Spain went into its clash against Italy without defeat in 54 World Cup qualifiers, a run stretching back to a 1-0 reverse against Denmark in 1993.
Italy, on the other hand, was undefeated in 51 World Cup and European Championship qualifiers, last tasting defeat against France a decade ago.
After Thursday's match in Turin, both sides could continue to boast their impressive records.
"We paid for our tension, we gave the ball away too easily," Italy coach Giampiero Ventura said of his side's performance.
"The first half was very tough, they kept the ball and we weren't aggressive.
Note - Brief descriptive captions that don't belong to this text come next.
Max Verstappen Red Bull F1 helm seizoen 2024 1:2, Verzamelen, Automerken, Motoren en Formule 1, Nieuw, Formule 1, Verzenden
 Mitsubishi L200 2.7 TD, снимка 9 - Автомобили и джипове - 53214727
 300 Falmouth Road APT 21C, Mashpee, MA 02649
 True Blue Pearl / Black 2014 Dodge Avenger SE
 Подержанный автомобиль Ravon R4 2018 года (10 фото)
The second half was better."
"Spain are favorites for this group but this game showed that we can achieve our goals if we want to."
Spain, as expected, started the match on the front foot in coach Julen Lopetegui's second competitive game in charge and took just 10 minutes to carve out its first clear opening.
An intricate one-two between Andres Iniesta and David Silva on the edge of the penalty area created space in the box, but the Barcelona man checked back onto his weaker left foot and curled a tame shot into the hands of Gianluigi Buffon.
Spain continued to dominate possession and created a glut of clear-cut chances.
Gerard Pique was the first to get his head on the end of Iniesta's whipped cross, but captain Sergio Ramos inadvertently deflected his effort behind with the ball destined for the bottom corner.
Despite an array of attacking talent on the pitch, the Barcelona defender -- in good goalscoring form for his club -- looked the most likely to open the scoring in the first half.
Just before the break, Ramos rose highest at the far post to head Koke's cross back across goal, but Pique's headed effort was straight at Buffon from just three yards out.
Italy rode its luck with Spain utteraly dominant, and the half-time stats made for grim reading for the hosts.
Spain enjoyed 75% possession, seven shots to Italy's zero and nine corners to Italy's zero.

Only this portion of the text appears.